There’s a lady who’s sure all that glitters is gold

When I was about 14 or 15 I attended a Church Fireside meeting about rock-n-roll music. Fireside meetings were special monthly meetings for youth usually held at someone’s home (by the fireside, natch) about topics ranging from how to stifle all sexual awareness until one was married to how the wine that Jesus drank was different than the wine sold at stores today. (My personal belief is that the dudes in the New Testament liked to rip it up [otherwise heaven is going to be one huge harshing of the mellow] and that the only difference between wine then and now is that then it didn’t come with the year stamped on the label. Methinks Jesus would have been a gentle drunk.)

I’ve heard other Mormons talk about a similar rock-n-roll fireside lesson, one in which the person giving the lecture brings in a recording of a rock song playing backwards (almost always “Stairway to Heaven”) to demonstrate how Satan talks through the music. Somehow they’d always be able to decipher a “welcome to hell” or “worship the devil” out of noises that sound like nothing but words being sung backwards.

“Nevaeh ot yawriats a gniyub sehs dna.” CAN YOU HEAR IT? CAN YOU HEAR THE DEVIL? I bet you didn’t know that Robert Plant was the anti-Christ DID YOU.

I’m frightened because when Leta reads books to herself she sounds EXACTLY like “Stairway to Heaven” being played backwards.

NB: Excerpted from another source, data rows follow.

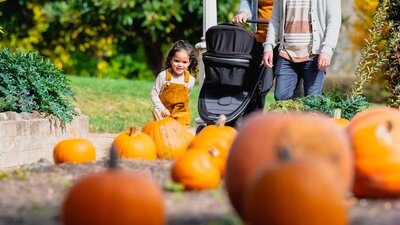 Family exploring pumpkin garden at Lanyon Homestead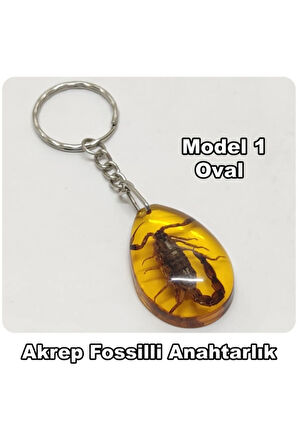 Akrep Fosilli - Toz Kehribar Anahtarlık - 4 Model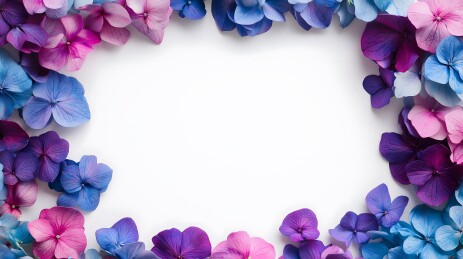 绣球花卉背景图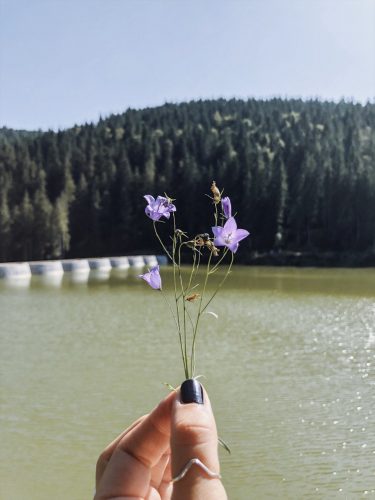 Linachtalsperre-Schwarzwald-Tipp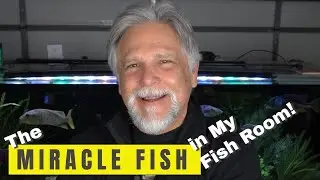 These Fish Suffered but *Survived Impossible Circumstances!*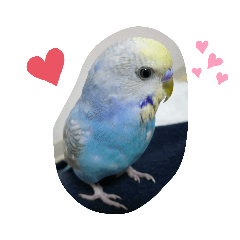 chihiro_20190526191658
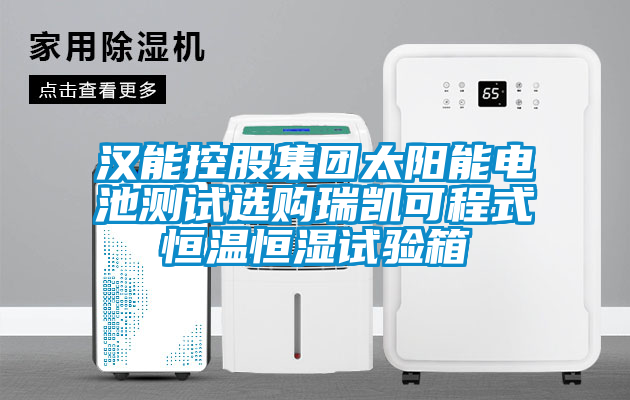 漢能控股集團(tuán)太陽能電池測(cè)試選購瑞凱可程式恒溫恒濕試驗(yàn)箱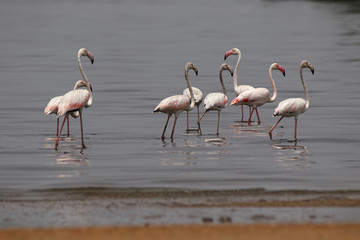 Greater Flamingos are local migrants in Pakistan. They love to breed around mangroves and eat small shrimps that give them the pink tone. Beautiful and look clumsy in flight 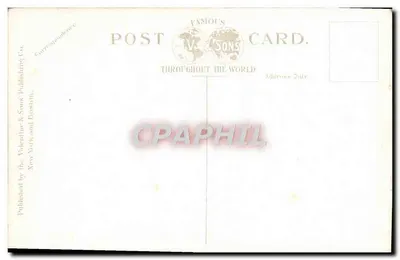 Hendrick Hudson — Hudson River Day Line Steamer w Poughkeepsie, N.Y. — V. & Sons, n° 206,266 — Rewers
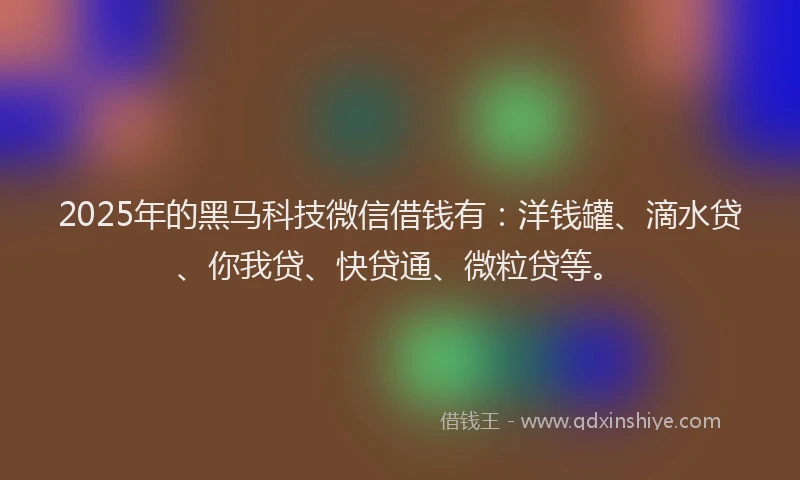 2025年的黑马科技微信借钱有：洋钱罐、滴水贷、你我贷、快贷通、微粒贷等。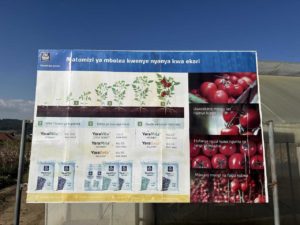 Photo: Plakatwand zur Anpflanzung von Tomaten in der Region.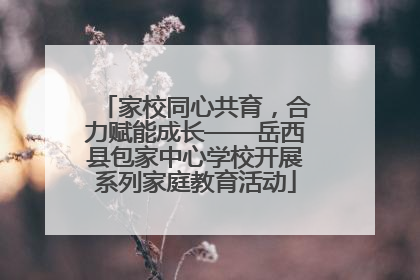 家校同心共育，合力赋能成长——岳西县包家中心学校开展系列家庭教育活动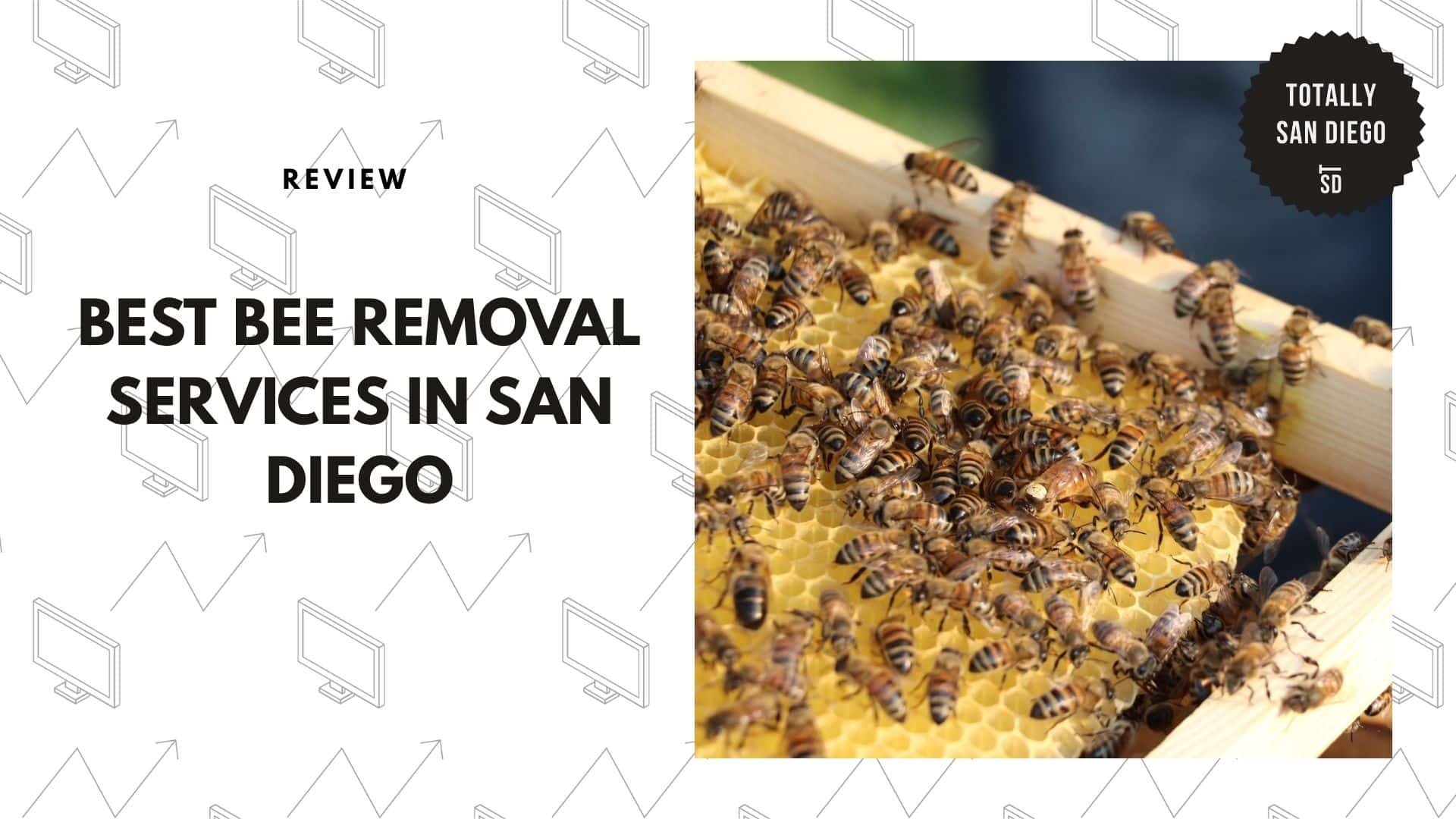 best-bee-removal-san-diego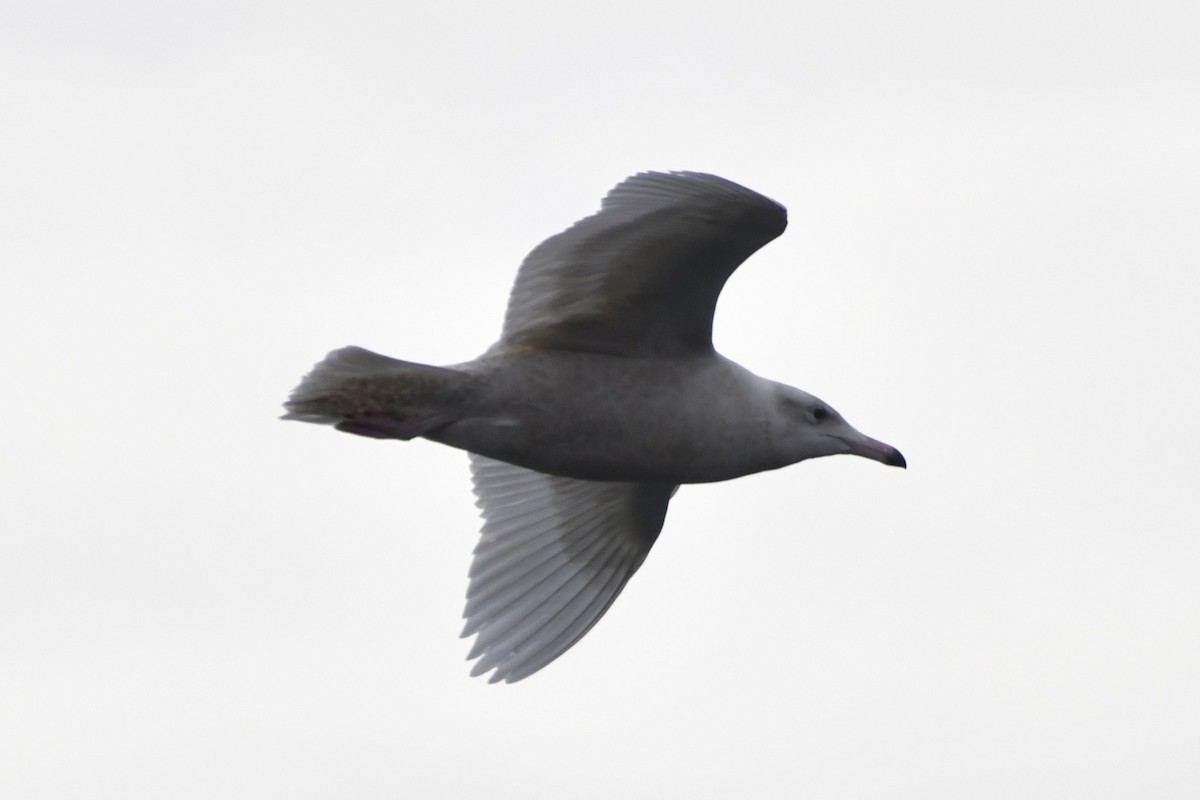 Glaucous Gull - ML647113042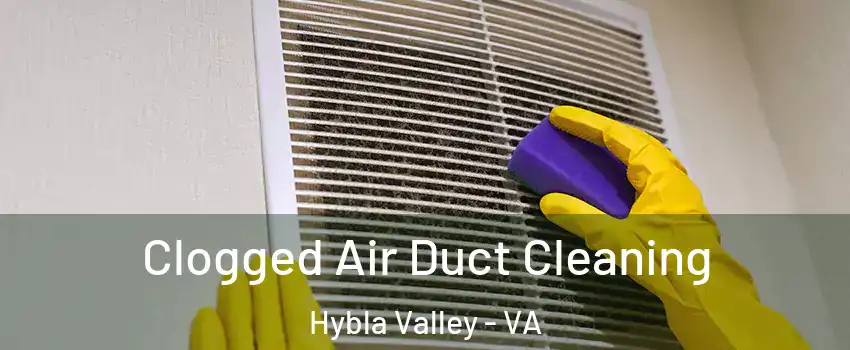 Clogged Air Duct Cleaning Hybla Valley - VA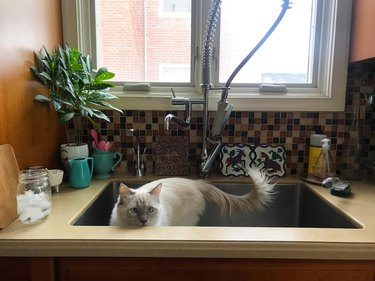 Cat Standing in a Kitchen Sink
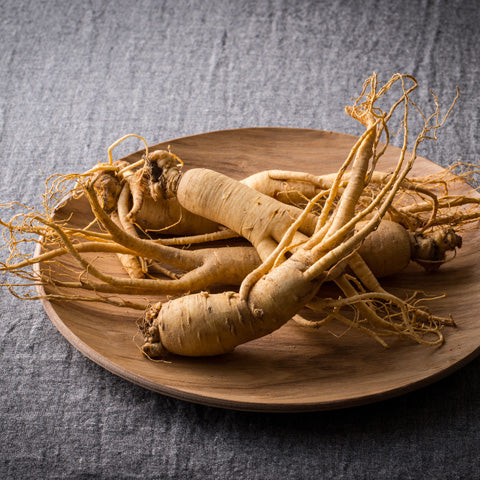 Ginseng – Knolle fürs Wohlgefühl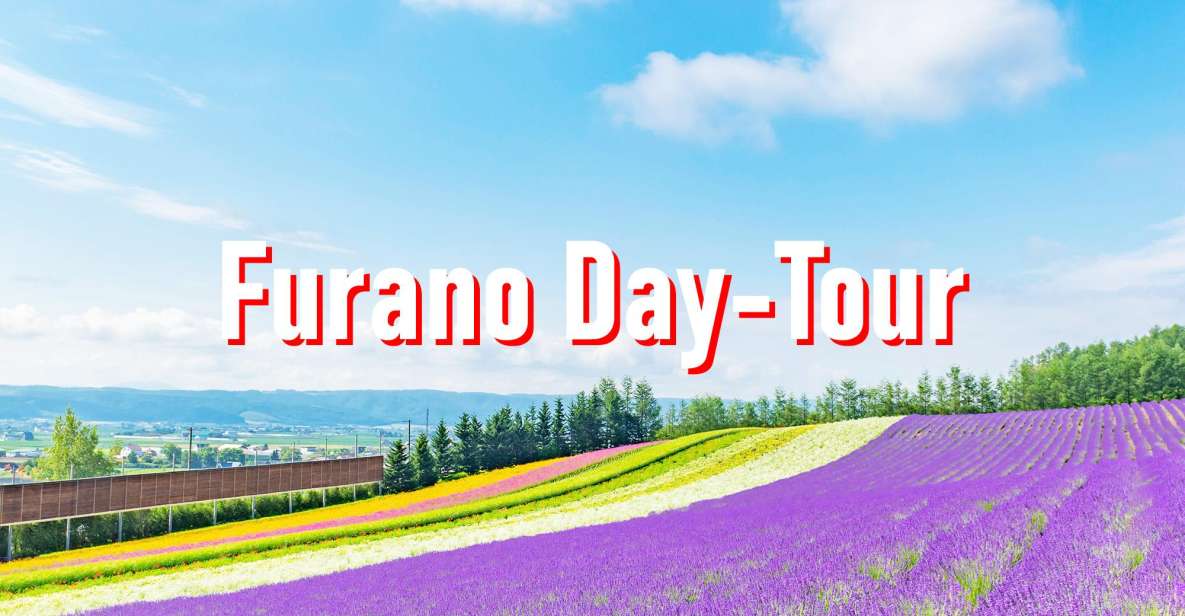 From Sapporo: 10-hour Customized Private Tour to Furano - Booking Information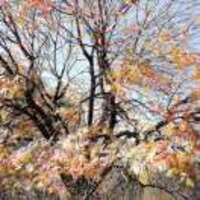 Da057e7ddf5023a5c273a9b69bd5146b05b6af90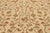 Early 20th Century Antique Portuguese Needlepoint Arraiolos Rug, 07'11 X 11'02 For Sale - Image 5 of 10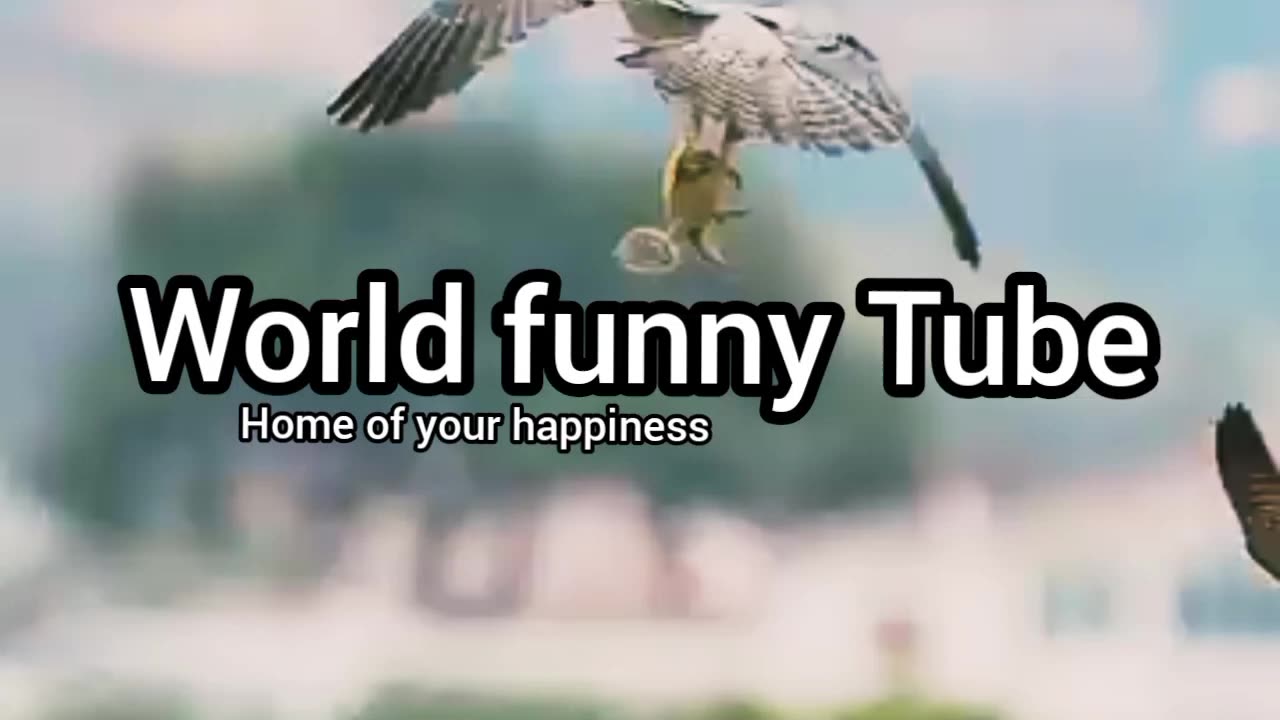 You will never stop laughing after watching this video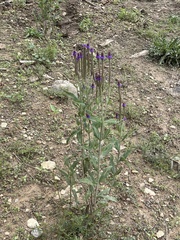 Verbena macdougalii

I want to record her and then play her backwards because if we’ve given birth to a conduit for Satan, HOW COOL WOULD THAT BE? Sometimes Jon will call in the middle of the day and ask about Leta, and I tell him, “She’s quoting Satan again, something about flesh and burning. Oh, and ‘bow to the Demon.’ That’s new today.”

Jon and I have been reading a lot of religious literature lately, and maybe that’s why the devil has come calling. THROUGH LETA. Both Jon and I left the Mormon Church in the mid-1990’s and we’re coming to terms with how our belief systems changed so fundamentally and what it has done to us emotionally. Since both of our families are still quite Mormon and especially since we live in the beating heart of Mormondom I think we’re both trying to decide what we’re going to tell Leta. Plus, everyone keeps asking me, “What are you going to tell Leta?”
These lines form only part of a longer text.